**Problem to solve:**
Your job is to give again, exactly and with no additions, the lines in the records below from the one with "Personalize and optimize" through the one with "Two quick announcements", both included. Omit the pictures.
[Opening Source records section]
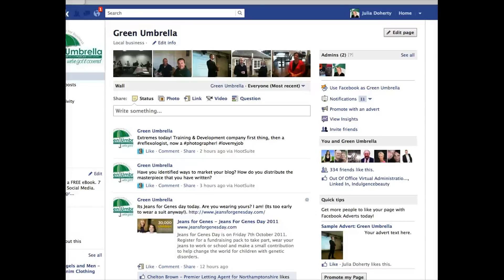Hi everyone, this is Julia Doherty from Green Umbrella. I've just had a message left on my answer machine saying 'Julia, help! How do you delete a post on Facebook?' So I thought rather than explaining it over the phone, I'll do a very quick video. This one's for you, Victoria.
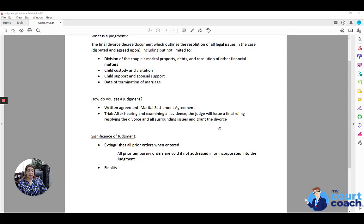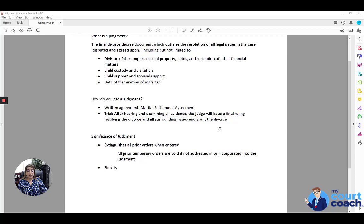Some of them you can modify, such as custody or support. Some of them, like division of property, you probably cannot unless you've left an out in the judgment to be able to do so.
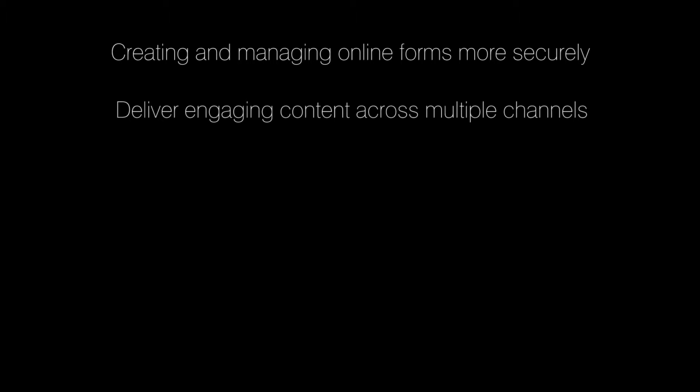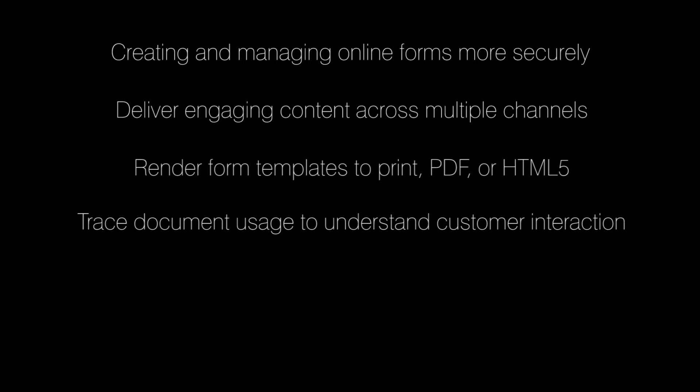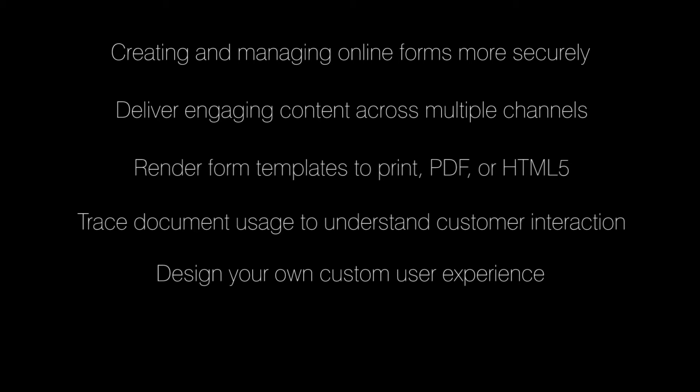Personalize and optimize consumer forms to deliver engaging content across multiple channels. Render form templates to print, PDF, or HTML5. Trace document usage to understand customer interaction. Design your own custom user experience and use pre-built out-of-the-box form templates.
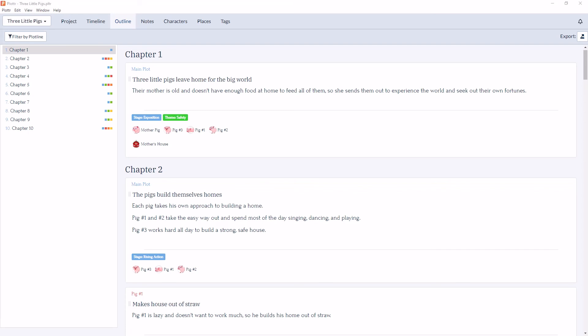So that covers filtering by plotline in the outline section. If you found this information useful, give the video a thumbs up, leave a comment below, and be sure to subscribe to our channel. And I'll see you in the next video.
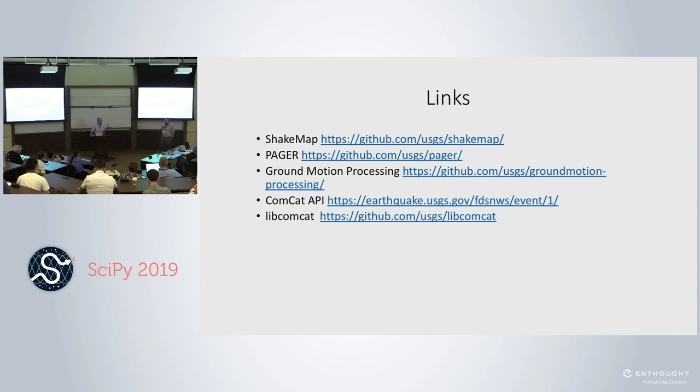Two quick announcements before we thank Mike again: one o'clock here, Pangeo BoF; 2:35 back here for the second round of talks right after the tools session. Thank you to Mike and all the speakers in our session and to the audience for being great.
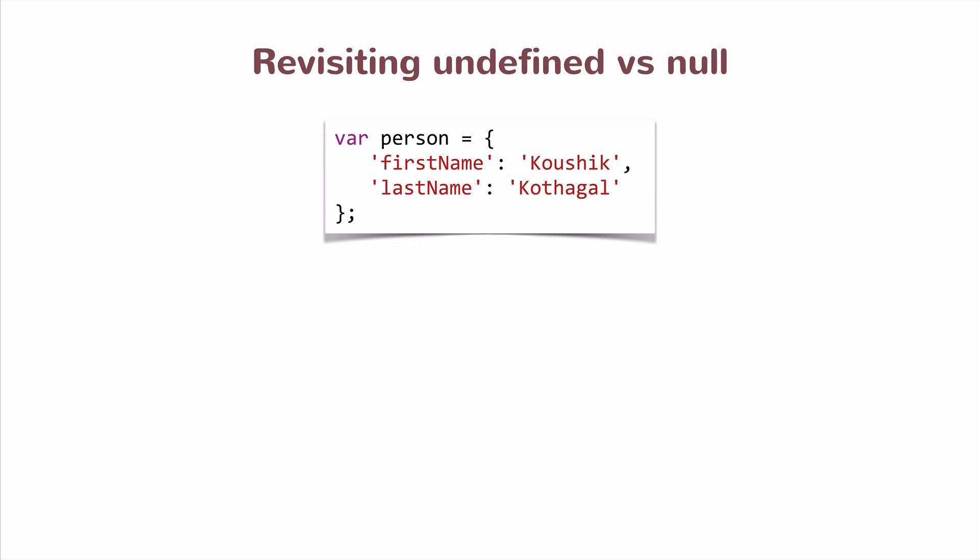Now if I were to access person.age, what would happen? This object does not have a person.age, so there's no age property. What you would get is undefined because it does not exist, and this is the way JavaScript objects work. If you're accessing a property which does not exist, it doesn't throw an error, all you get is undefined.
[Closing Source records section]
**Task solution:**
Personalize and optimize consumer forms to deliver engaging content across multiple channels. Render form templates to print, PDF, or HTML5. Trace document usage to understand customer interaction. Design your own custom user experience and use pre-built out-of-the-box form templates.
So that covers filtering by plotline in the outline section. If you found this information useful, give the video a thumbs up, leave a comment below, and be sure to subscribe to our channel. And I'll see you in the next video.
Two quick announcements before we thank Mike again: one o'clock here, Pangeo BoF; 2:35 back here for the second round of talks right after the tools session. Thank you to Mike and all the speakers in our session and to the audience for being great.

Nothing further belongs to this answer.